Work task = Could the data below be retyped exactly, without its pictures?

Data section =
--------
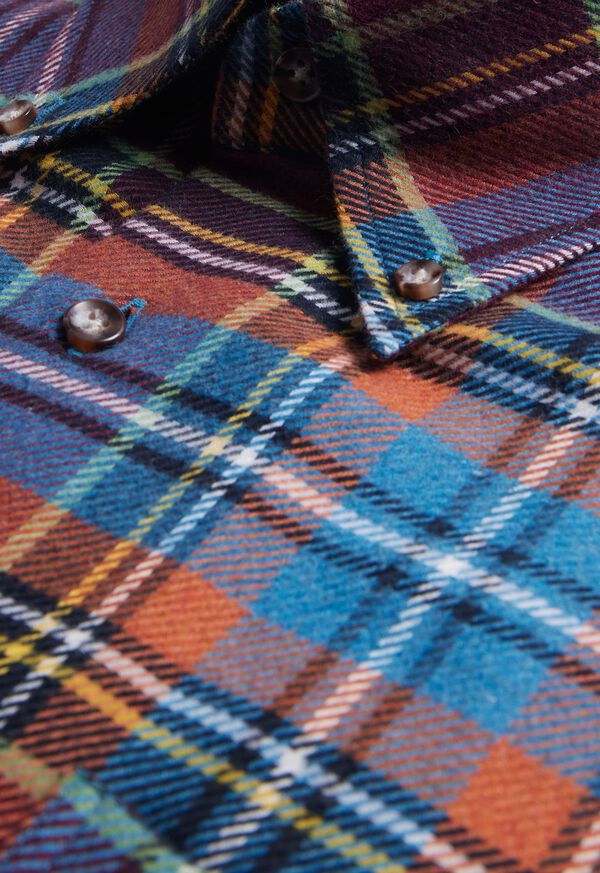 Paul Stuart Flannel Plaid Orange | NZ_PAUL54369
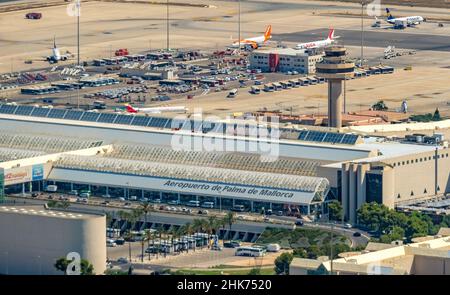 Vue aérienne, Aeropuerto de Palma de Mallorca, aéroport de Palma de Mallorca, Bâtiment de réception, Majorque, Iles Baléares, Espagne,ES, Europe, Airborne em Banque D'Images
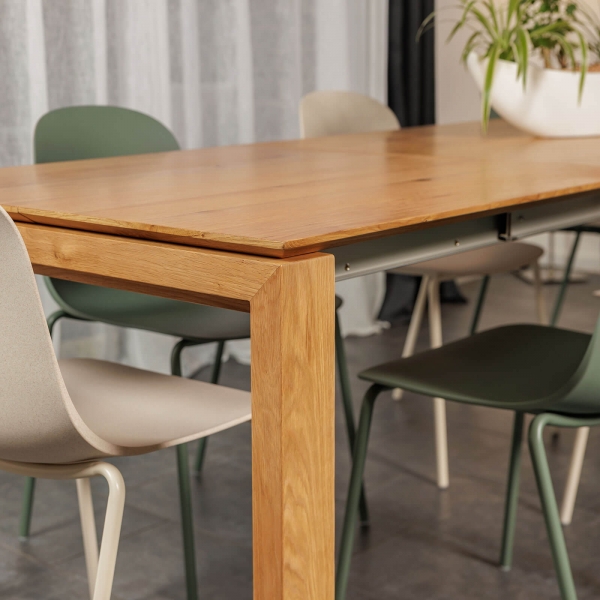 Table rectangulaire extensible en bois 195 x 90 cm - Flavie - 2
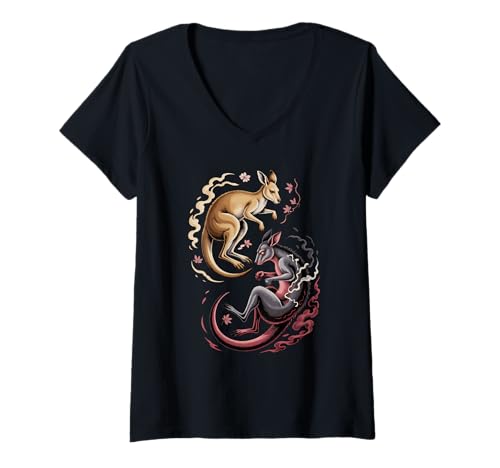 Damen Japanische Kunst Känguru Gut Und Teufel Kängurus T-Shirt mit V-Ausschnitt Damen Japanische Kunst Känguru Gut Und Teufel Kängurus T-Shirt mit V-Ausschnitt von Kangaroos Kangaroo Lover Gifts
--------
Task output =
 Paul Stuart Flannel Plaid Orange | NZ_PAUL54369
 Vue aérienne, Aeropuerto de Palma de Mallorca, aéroport de Palma de Mallorca, Bâtiment de réception, Majorque, Iles Baléares, Espagne,ES, Europe, Airborne em Banque D'Images
 Table rectangulaire extensible en bois 195 x 90 cm - Flavie - 2
 Damen Japanische Kunst Känguru Gut Und Teufel Kängurus T-Shirt mit V-Ausschnitt Damen Japanische Kunst Känguru Gut Und Teufel Kängurus T-Shirt mit V-Ausschnitt von Kangaroos Kangaroo Lover Gifts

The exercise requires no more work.